Food allergies are potentially life-threatening for children and adults. Food allergies among children have increased 18% since 1997, and in 2007, some 3 million U.S. children had food allergies, according to the National Center for Health Statistics. Currently, there is no treatment for the allergies, so avoidance is the only protection.
"We can reverse the peanut allergic reaction," said lead researcher Dr. Xiu-Min Li, director of the Center for Chinese Herbal Therapy for Allergy and Asthma at Mount Sinai. In addition, protection from allergic reactions to peanuts persisted for almost nine months after treatment was stopped, Li said. "The herbal formula can stop peanut allergy and produce a prolonged protection," she said. "This formula may be effective for human peanut allergy." The report was published in the February online edition of The Journal of Allergy and Clinical Immunology.

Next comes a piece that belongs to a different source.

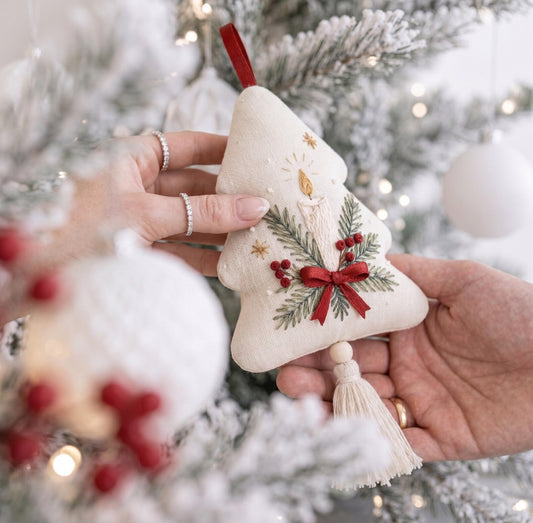 Hand Embroidered Christmas Tree Ornament, Candle & Pine Branches with Red Bow, Linen Tassel, Farmhouse Christmas Decor, Holiday Gift for Her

For the study, Li's team tested their new herbal remedy, called Food Allergy Herbal Formula (FAHF-2), on mice allergic to peanuts. They found that the formula protected mice from allergic reactions from peanuts. In fact, FAHF-2 protected the animals from anaphylaxis for more than 36 weeks after treatment was stopped. This is one-quarter of the mouse life span, Li noted. Li's team has also shown the formula protects mice against other food allergies including tree nut, fish and shellfish.
Based on these findings, FAHF-2 has been given investigational new drug approval by the U.S. Food and Drug Administration; a human trial started last year. The trial is testing the safety and effectiveness of the remedy for a variety of food allergies including peanut, tree nut, fish and shellfish, Li said. "The results of the trial have shown that FAHF-2 is safe and well-tolerated," she noted.